The all important section of the Harbour Ordinance is s 3, which states:
(1) The harbour is to be protected and preserved as a special public asset and a natural heritage of Hong Kong people, and for that purpose there shall be a presumption against reclamation in the harbour.
(2) All public officers and public bodies shall have regard to the principle stated in sub-s.(1) for guidance in the exercise of any powers vested in them.
Section 3 sounds good but what does it actually mean? This would be answered, initially at least, in the Harbour Society's first action to stop the Wanchai Reclamation.
The First Action: Harbour Society v Town Planning Board
In summary, the Harbour Society brought a successful judicial review action against the Town Planning Board (Board). The Court found that the Board had failed to comply with s 3 of the Harbour Ordinance. As a consequence, progress on the Wanchai Reclamation was effectively stalled (for now). The basis for the decision is set out below.
The Board's decisions
From 1999 to 2002, numerous studies, assessments and consultations were completed in respect of the Wanchai Reclamation and various draft Wanchai North Outline Zoning Plans were produced. During this period the Territory Development Department, the Legislative Council Panel on Planning, Lands and Works, the Wanchai District Council, the Eastern District Council, and of course the Board were involved. These studies and assessments culminated in the Wanchai North Outline Zoning Plan No S/H25/1 (Wanchai Reclamation Plan) together with its Notes and Explanatory Statement being exhibited for public inspection in April 2002.
During the two-month exhibition period, a total of 770 valid objections, including one from the Harbour Society, were received. Of the 770 objections, 753 appeared in the form of a standard letter.
In November 2002, the Board heard the Harbour Society together with the other objectors. At its meeting on 6 December 2002, the Board rejected all of the Harbour Society's objections apart from one in respect of building height restrictions. The Board later resolved to propose five amendments to the Wanchai Reclamation Plan.
In January 2003, the Board's proposed amendments to the Plan were exhibited for public inspection. One further objection and two further representations were received during the two-week notification period.
At it's meeting on 14 February 2003, the Board heard the further objector. The original objectors, including the Harbour Society, were also heard. After deliberations, the Board decided that the Wanchai Reclamation Plan, as subsequently amended, was suitable for submission to the Chief Executive in Council for approval.

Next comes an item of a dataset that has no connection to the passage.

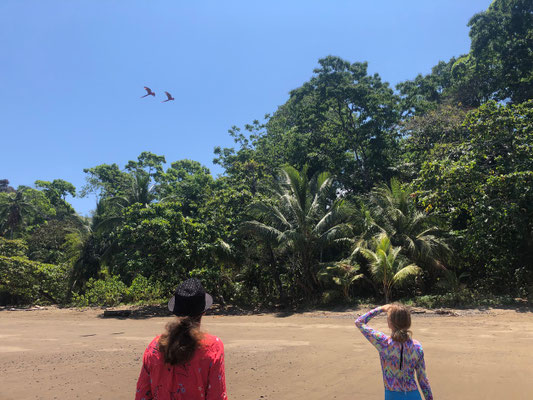 On the way we saw a pair of beautifully coloured parrots fly by
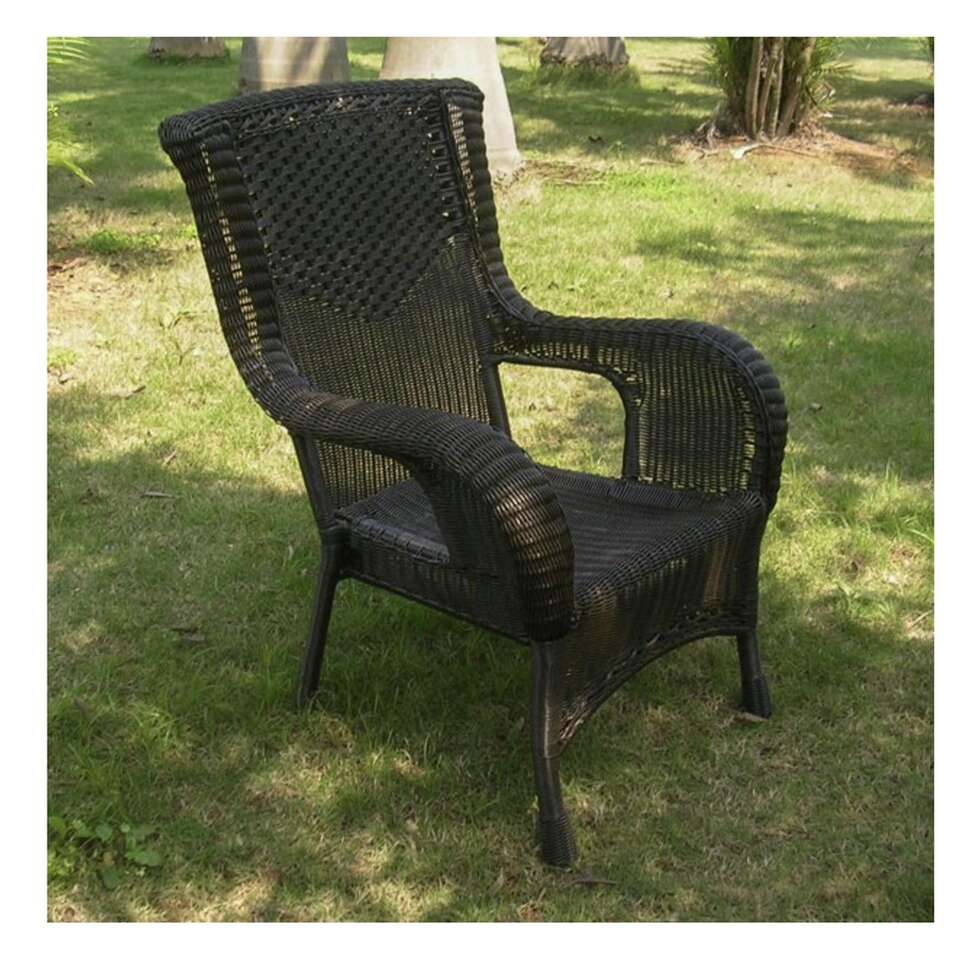 International Caravan Resin Wicker Dining Chair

The Wanchai Reclamation Plan
The amended Wanchai Reclamation Plan covered approximately 76 hectares, of which 26 was for the land to be reclaimed along the Wanchai waterfront. The reclaimed land was to provide for:
(i) the Central–Wanchai Bypass and associated infrastructure;
(ii) a waterfront promenade;
(iii) a commercial, hotel, entertainment and exhibition development; and
(iv) a Harbour park.
Application for Judicial Review
On 27 February 2003, the Harbour Society applied for judicial review of the Board's decisions made on 6 December 2002 and 14 February 2003, respectively. The grounds ultimately relied upon by the Harbour Society were:
(i) the Board made an error in law in reaching the decisions in that it had misinterpreted the Harbour Ordinance and failed to apply the correct legal principles; and
(ii) the decisions were irrational.
On 28 February 2003, Hartmann J granted leave for judicial review. On 14 March 2003, upon the Harbour Society's application, Hartmann J ordered a stay of the submission of the Wanchai Reclamation Plan to the Chief Executive in Council, pending the final determination of the judicial review proceedings.
Question before the Court
In respect of s 3 of Harbour Ordinance, the question before the Court was (i) what must be done to satisfy the requirement to have regard to the duty to protect and preserve the Harbour, and (ii) what would be required to rebut the presumption against reclamation.
The Harbour Society's case
The Harbour Society submitted that in order to satisfy the obligation imposed under s 3(2) of the Harbour Ordinance, ie to have regard to the principle and presumption against reclamation in s 3(1), the Board must submit the proposed reclamation to three tests, namely:
(i) The compelling, overriding and present need test.
The presumption against reclamation in s 3(1) can only be displaced by a greater public need which clearly outweighs the public need to protect and preserve the Harbour as a special public asset and a natural heritage of Hong Kong people. There has to be clear, cogent, persuasive and objective evidence that the competing public need is truly exceptional, so urgent and compelling that it ought to override the public need to protect and preserve the Harbour.
(ii) The no alternative test.
The proposed reclamation must additionally be shown by clear, cogent and persuasive evidence to be unavoidable in that there is no other alternative available to implement the undertaking for which the reclamation is proposed.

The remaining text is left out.